__Brief__: Would you please repeat exactly the entries below, starting at the line with "プチバトー(PETIT BATEAU)の【美品】スタイ ビブ" and ending at the line with "Высококачественное Многоязычное программное", and nothing outside that range? Leave out the pictures.

__Recorded information__:
■ ■ ■ ■ ■
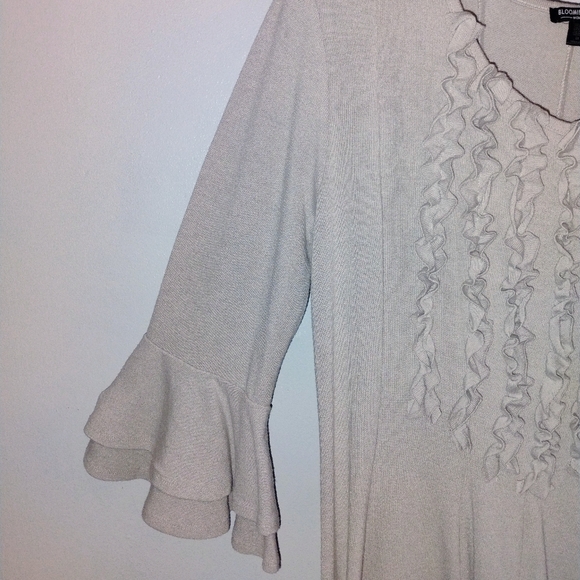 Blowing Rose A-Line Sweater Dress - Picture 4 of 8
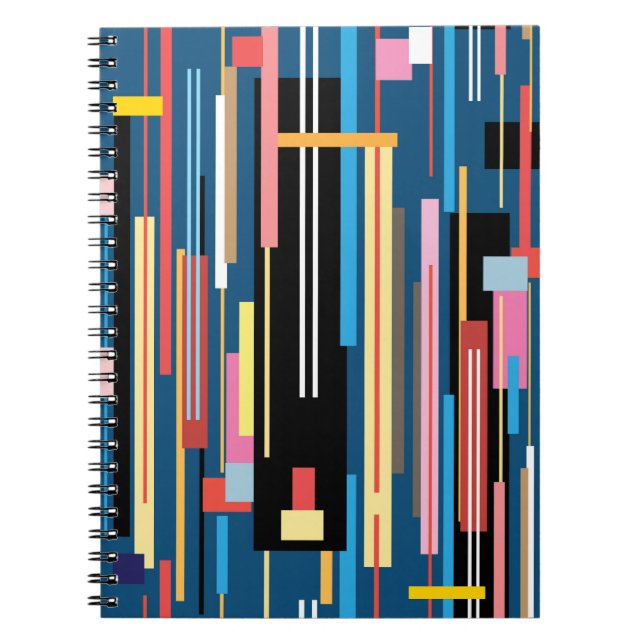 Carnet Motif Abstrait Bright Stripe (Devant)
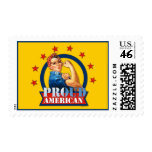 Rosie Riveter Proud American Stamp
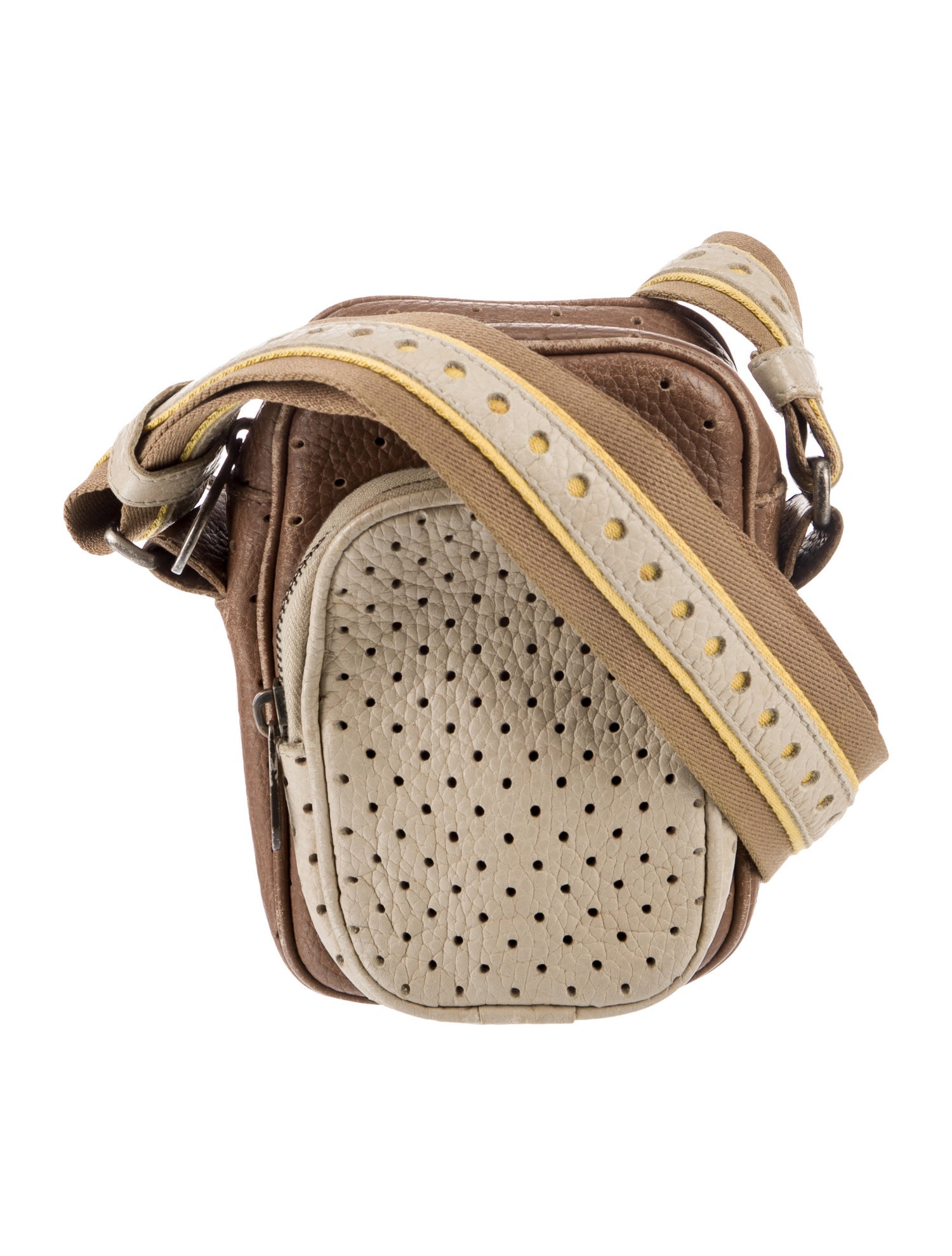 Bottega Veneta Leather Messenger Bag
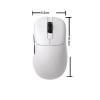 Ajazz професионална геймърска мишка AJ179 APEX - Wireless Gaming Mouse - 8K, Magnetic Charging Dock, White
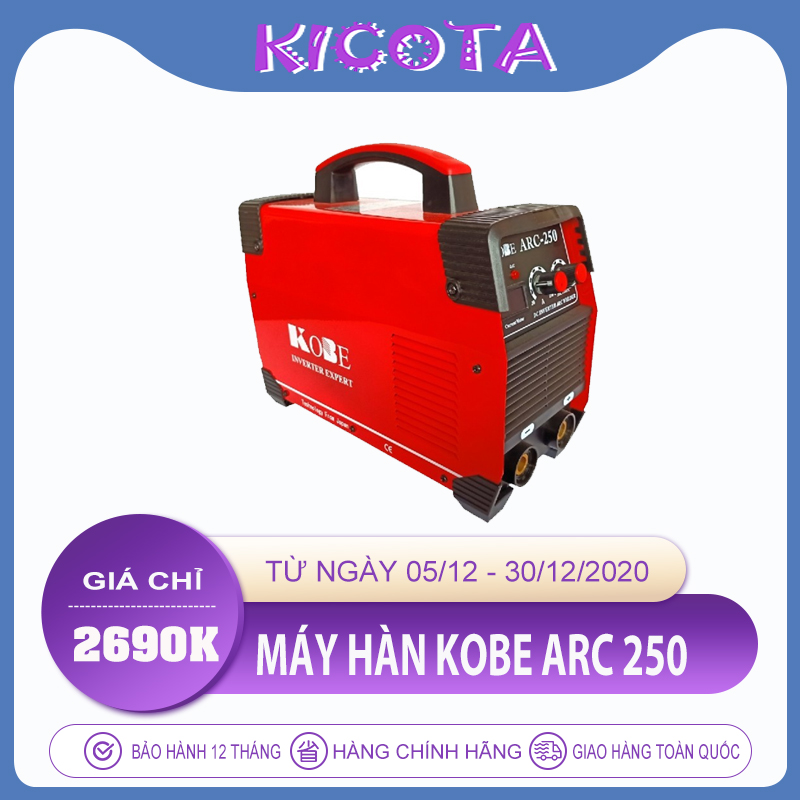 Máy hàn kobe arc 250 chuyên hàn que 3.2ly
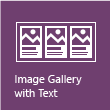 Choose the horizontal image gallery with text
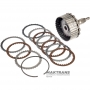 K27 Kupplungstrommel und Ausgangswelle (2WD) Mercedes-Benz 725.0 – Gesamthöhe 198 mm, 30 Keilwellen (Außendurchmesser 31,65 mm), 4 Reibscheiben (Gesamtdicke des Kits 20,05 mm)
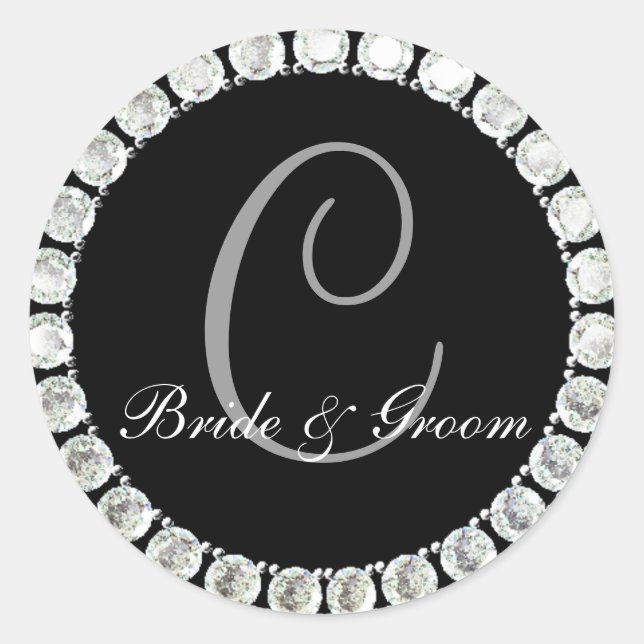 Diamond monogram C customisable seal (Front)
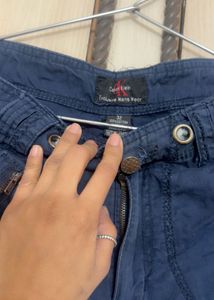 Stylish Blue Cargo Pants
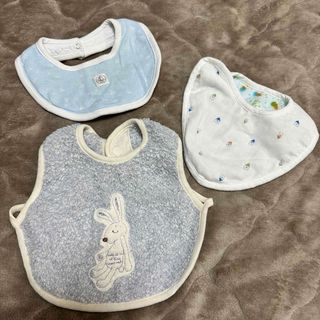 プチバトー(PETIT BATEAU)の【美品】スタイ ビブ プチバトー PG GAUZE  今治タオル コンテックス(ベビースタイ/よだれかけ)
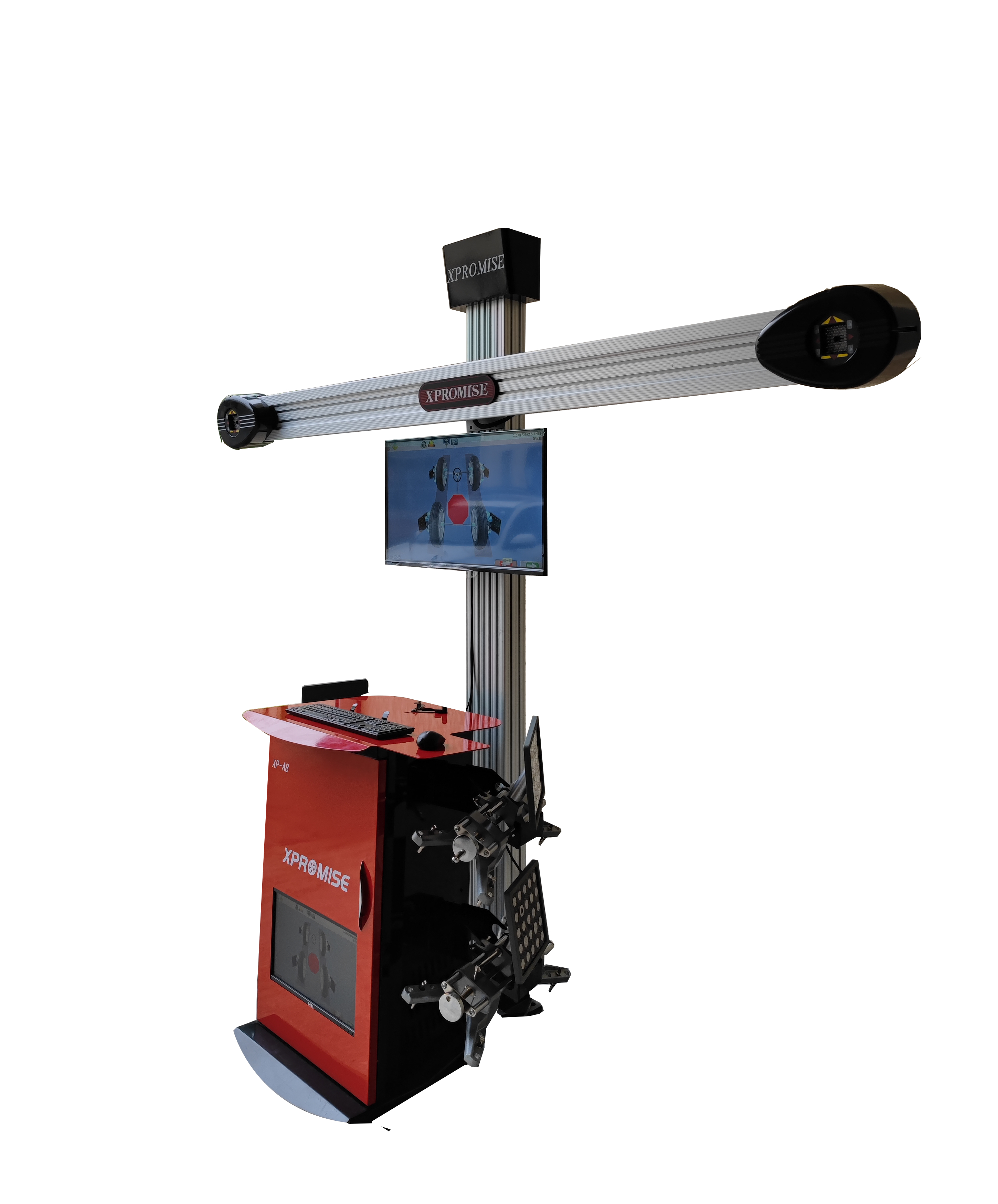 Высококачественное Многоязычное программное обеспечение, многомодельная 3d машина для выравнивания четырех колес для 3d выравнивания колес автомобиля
■ ■ ■ ■ ■
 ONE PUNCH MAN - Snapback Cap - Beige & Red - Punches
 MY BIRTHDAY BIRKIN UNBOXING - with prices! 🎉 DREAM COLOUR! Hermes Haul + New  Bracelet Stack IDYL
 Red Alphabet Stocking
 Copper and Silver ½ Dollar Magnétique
■ ■ ■ ■ ■
__Result of this task__:
 プチバトー(PETIT BATEAU)の【美品】スタイ ビブ プチバトー PG GAUZE  今治タオル コンテックス(ベビースタイ/よだれかけ)
 Высококачественное Многоязычное программное обеспечение, многомодельная 3d машина для выравнивания четырех колес для 3d выравнивания колес автомобиля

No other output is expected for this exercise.